■ Problem description
Go through the data line by line. Copy each one holding the string "Organizer".
---------- Raw data ----------
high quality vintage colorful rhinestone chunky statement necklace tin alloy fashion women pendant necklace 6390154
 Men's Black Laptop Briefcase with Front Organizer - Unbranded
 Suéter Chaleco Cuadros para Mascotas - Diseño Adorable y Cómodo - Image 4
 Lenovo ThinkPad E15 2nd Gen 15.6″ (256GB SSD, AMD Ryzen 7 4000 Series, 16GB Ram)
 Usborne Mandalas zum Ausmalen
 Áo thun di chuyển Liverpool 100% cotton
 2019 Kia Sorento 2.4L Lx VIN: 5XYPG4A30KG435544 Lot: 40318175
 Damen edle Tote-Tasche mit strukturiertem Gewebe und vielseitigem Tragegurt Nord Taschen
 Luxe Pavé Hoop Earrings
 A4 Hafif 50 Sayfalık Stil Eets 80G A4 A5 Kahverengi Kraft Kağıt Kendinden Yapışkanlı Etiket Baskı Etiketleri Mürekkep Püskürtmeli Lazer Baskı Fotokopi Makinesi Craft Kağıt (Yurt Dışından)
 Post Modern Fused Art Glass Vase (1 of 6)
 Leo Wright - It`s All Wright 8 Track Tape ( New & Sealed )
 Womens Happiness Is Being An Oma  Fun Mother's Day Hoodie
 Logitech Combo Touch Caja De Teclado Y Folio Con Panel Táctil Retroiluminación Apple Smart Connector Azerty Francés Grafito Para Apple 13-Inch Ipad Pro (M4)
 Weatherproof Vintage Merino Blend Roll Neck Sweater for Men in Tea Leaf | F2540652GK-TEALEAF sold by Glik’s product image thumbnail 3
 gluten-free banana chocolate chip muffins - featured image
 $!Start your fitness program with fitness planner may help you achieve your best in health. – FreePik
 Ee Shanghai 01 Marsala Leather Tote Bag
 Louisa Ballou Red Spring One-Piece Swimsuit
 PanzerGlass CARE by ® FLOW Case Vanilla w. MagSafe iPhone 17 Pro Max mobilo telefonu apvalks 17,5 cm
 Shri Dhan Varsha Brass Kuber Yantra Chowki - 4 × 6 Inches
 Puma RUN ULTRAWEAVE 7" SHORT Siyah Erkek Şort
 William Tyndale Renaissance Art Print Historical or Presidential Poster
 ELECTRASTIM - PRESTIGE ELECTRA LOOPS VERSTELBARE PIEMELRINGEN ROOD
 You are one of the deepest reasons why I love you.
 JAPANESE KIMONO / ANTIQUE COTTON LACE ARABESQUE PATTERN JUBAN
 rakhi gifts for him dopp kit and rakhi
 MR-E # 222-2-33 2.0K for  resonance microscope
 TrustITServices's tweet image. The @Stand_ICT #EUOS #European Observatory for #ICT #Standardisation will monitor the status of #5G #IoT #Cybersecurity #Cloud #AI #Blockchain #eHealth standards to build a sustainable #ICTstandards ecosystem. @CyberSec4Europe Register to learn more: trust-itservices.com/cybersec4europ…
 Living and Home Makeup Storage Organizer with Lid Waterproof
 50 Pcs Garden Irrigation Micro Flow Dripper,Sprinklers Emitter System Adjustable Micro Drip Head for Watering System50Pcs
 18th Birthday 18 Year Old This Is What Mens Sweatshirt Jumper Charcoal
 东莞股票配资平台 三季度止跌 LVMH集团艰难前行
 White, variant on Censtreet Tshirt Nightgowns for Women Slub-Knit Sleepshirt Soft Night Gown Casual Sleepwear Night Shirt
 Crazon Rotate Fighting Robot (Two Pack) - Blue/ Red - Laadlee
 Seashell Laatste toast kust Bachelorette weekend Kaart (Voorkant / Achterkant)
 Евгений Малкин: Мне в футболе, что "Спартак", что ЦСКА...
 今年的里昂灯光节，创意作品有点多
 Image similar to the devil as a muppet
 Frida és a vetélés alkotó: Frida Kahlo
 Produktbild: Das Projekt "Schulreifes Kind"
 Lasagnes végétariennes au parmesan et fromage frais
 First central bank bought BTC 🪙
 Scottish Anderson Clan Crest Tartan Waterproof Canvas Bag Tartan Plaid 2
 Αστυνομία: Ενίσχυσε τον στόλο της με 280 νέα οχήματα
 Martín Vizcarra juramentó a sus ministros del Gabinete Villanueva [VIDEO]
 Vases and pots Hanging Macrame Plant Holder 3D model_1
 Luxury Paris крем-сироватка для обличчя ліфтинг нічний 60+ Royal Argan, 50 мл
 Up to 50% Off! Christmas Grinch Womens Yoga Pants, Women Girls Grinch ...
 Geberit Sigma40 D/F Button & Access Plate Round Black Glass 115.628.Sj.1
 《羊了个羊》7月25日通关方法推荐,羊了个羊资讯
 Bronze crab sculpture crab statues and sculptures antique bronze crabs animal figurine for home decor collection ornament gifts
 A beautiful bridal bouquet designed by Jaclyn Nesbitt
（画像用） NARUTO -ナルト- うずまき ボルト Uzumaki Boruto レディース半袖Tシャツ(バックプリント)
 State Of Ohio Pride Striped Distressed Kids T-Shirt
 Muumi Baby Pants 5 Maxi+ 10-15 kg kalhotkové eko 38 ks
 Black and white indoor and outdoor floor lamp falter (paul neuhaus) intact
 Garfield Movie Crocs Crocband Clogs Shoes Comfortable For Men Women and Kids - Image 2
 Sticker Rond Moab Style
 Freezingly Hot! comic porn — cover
----------
■ Response box
 Men's Black Laptop Briefcase with Front Organizer - Unbranded
 Living and Home Makeup Storage Organizer with Lid Waterproof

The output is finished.